Lincoln Schatz
The Lake Series
In September of 2015, artist Lincoln Schatz began photographing Lake Michigan every day in morning or evening. His back to the city of Chicago, he stands on the lake’s shore and shoots with a medium-format camera, capturing the water stretching away from him to the horizon line. Seven years later, the project continues, a serial photographic exploration of the landscape of the lake.

Jewel tones on the lake this morning.

Green marbled waters ripple smoothly under clouds that hang in the sky.

A foggy spring day softens the contours of Lake Michigan.

The clouds are parting over the rippling waters, their softness contrasts with the surface of the lake.

Banks of clouds sit in the sky over the lake. The waters move restlessly underneath them.

Spring storms have been frequent this year.

The cold waters shimmer in the early morning light. A gray day that glitters, the sun is just out of frame.

Late in the day, the sky and waters shift from warm to cool tones, repeating over and over again.

Dawn. Sky and water sit in stillness. The colors mirror one another.

Calm lake waters return, reflecting a muted palette from the sky above.

A high-contrast morning on Lake Michigan. Where the sun strikes the horizon, a blade of white light cleaves sky from water.
Joshua Tree
Joshua Tree National Park is located three hours east of Los Angeles on the southern edge of the Mojave Desert and astride the San Andreas Fault. Hundreds of fault lines and six mountain ranges converge, including Little San Bernardino, Cottonwood, Pinto, Hexie, Eagle, and Coxcomb Mountains. The landscape is imbued with a mystical quality that is at once empty and abundant, a timeless place where past, present, and future seem interchangeable. Standing alone out in the desert, all is cloaked in silence.

A winter storm appears out of nowhere, bringing strong winds and snow. We try to outrun the storm by heading south, but it follows us.

As soon as the storm appears, it vanishes, leaving no trace.

Thousands of years ago, lakes, swamps, and rivers covered this region; lush grasslands supported mammoths, mastodons, horses, camels, and bison. The Pinto Culture was the first group of human beings known to inhabit it; later came the Serrano, the Chemehuevi, and the Cahuilla.

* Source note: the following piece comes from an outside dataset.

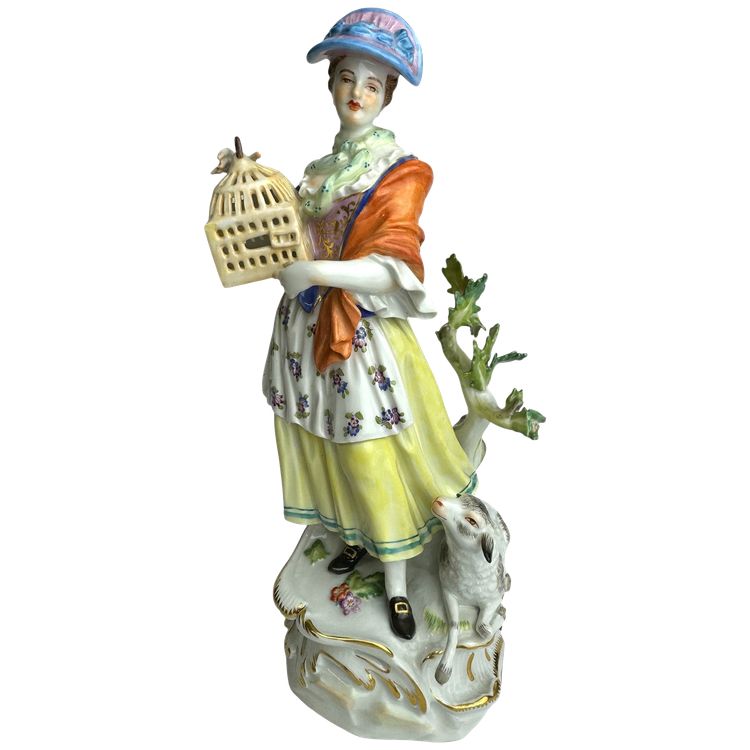 Meissen - Figure En Porcelaine Bergère avec cage à oiseaux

There is nothing to soften or obscure the intersection between the land and air. The light saturates everything evenly.

Seismic activity defines this landscape as well. Rock formations jut from the earth. Touching the sky. Standing like sentinels.

The sense of scale in a place like this—wide-open expanses that disorient and confuse, stretching as far as you can see.

Water and wind carve this rock. A deep geological time is exposed in its contours, difficult to comprehend even when standing before it.



Lincoln Schatz
Lincoln Schatz is a contemporary artist and environmentalist living in Chicago. His photography, video, and new media works are driven by chance and memory. He uses custom-built software to employ generative compositional strategies in order to explore his subjects over an extended period of time. Schatz has dedicated the last six years to nature photography: Lake Michigan for the Lake Series, the redwood forests of California and Oregon, and the deserts and mountains of the United States. His works have been exhibited internationally at venues that include the Smithsonian Institution’s National Portrait Gallery (Washington, DC), bitforms gallery (NY; Seoul), Sundance Film Festival (Utah), Catharine Clark Gallery (San Francisco), and the Museum of Contemporary Art, San Diego.